- WORK TASK -
Repeat, line for line, the entries below from the first line to the line containing "10 Momme Mulberry", counting both ends.

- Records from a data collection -
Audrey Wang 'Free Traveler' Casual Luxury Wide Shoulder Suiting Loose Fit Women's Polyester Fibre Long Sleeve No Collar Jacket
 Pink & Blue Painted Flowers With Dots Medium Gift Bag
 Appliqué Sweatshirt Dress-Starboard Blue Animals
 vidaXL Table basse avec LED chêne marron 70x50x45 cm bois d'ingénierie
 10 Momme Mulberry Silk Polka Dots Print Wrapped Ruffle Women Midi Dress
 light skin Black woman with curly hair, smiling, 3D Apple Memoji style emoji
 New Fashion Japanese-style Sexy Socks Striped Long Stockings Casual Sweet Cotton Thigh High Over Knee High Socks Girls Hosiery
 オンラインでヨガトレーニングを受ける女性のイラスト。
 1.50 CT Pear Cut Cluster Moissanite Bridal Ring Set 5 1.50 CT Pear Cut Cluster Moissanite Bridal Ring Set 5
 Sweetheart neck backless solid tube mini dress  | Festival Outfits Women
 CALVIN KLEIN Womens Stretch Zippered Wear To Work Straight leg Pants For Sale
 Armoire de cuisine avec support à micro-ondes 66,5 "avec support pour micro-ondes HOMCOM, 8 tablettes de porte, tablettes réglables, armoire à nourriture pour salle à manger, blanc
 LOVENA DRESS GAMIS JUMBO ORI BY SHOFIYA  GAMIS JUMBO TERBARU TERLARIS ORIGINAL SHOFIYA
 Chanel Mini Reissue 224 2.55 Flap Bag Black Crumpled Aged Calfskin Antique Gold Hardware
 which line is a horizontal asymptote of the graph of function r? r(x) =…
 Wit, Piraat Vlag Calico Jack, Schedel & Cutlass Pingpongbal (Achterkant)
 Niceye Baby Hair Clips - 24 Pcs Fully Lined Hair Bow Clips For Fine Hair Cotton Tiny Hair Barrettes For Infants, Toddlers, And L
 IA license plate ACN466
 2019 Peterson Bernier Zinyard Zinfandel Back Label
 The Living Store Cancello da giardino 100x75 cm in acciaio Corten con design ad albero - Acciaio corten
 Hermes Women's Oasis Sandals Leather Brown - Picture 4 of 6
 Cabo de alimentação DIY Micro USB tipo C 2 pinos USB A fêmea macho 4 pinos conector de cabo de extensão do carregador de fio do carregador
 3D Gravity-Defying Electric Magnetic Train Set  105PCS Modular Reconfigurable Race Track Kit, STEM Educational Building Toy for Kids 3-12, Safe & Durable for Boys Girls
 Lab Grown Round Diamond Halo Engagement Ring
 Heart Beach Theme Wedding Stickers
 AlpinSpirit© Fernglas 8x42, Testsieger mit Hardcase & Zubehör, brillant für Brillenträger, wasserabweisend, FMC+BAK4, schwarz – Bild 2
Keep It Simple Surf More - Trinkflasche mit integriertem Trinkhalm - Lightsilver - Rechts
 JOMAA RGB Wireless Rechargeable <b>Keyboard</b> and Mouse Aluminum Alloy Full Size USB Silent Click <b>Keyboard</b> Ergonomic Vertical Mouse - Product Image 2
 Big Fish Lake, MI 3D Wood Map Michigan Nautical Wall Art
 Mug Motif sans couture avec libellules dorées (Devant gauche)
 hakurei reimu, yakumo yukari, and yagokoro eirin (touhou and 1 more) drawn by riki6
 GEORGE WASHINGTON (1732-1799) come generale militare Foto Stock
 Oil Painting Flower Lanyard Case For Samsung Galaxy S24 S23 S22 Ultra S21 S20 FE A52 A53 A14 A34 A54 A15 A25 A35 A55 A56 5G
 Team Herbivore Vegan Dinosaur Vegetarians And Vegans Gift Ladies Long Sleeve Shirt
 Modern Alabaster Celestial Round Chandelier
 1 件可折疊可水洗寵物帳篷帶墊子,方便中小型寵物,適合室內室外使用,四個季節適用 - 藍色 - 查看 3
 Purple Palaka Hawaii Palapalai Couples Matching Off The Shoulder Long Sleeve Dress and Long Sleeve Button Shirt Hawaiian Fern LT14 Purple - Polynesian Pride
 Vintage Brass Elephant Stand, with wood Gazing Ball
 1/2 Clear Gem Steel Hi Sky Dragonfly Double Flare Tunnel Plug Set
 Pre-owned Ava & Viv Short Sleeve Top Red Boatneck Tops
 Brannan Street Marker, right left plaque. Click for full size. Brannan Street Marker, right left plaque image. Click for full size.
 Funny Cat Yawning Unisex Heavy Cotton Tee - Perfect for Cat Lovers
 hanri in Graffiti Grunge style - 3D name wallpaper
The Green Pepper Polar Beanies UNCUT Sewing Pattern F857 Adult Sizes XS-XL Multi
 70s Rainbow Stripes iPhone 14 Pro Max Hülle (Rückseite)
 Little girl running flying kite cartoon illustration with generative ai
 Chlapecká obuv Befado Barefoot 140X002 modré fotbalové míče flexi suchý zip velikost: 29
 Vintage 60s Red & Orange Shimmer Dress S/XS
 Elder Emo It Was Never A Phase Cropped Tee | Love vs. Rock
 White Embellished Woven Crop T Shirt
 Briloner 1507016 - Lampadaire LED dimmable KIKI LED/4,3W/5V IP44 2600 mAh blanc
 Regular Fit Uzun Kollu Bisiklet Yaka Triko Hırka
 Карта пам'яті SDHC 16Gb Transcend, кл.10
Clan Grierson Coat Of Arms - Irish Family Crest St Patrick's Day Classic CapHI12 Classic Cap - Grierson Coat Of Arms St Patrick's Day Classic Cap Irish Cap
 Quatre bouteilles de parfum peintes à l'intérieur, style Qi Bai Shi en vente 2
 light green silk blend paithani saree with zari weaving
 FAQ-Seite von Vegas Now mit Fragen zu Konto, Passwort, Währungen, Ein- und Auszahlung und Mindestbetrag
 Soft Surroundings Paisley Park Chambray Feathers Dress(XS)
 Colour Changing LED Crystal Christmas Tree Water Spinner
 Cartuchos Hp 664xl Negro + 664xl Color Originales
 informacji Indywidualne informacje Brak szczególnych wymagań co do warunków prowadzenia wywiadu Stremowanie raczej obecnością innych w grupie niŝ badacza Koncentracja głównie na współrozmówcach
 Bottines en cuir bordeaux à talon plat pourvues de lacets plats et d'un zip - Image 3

- ANSWER FOR THE TASK -
Audrey Wang 'Free Traveler' Casual Luxury Wide Shoulder Suiting Loose Fit Women's Polyester Fibre Long Sleeve No Collar Jacket
 Pink & Blue Painted Flowers With Dots Medium Gift Bag
 Appliqué Sweatshirt Dress-Starboard Blue Animals
 vidaXL Table basse avec LED chêne marron 70x50x45 cm bois d'ingénierie
 10 Momme Mulberry Silk Polka Dots Print Wrapped Ruffle Women Midi Dress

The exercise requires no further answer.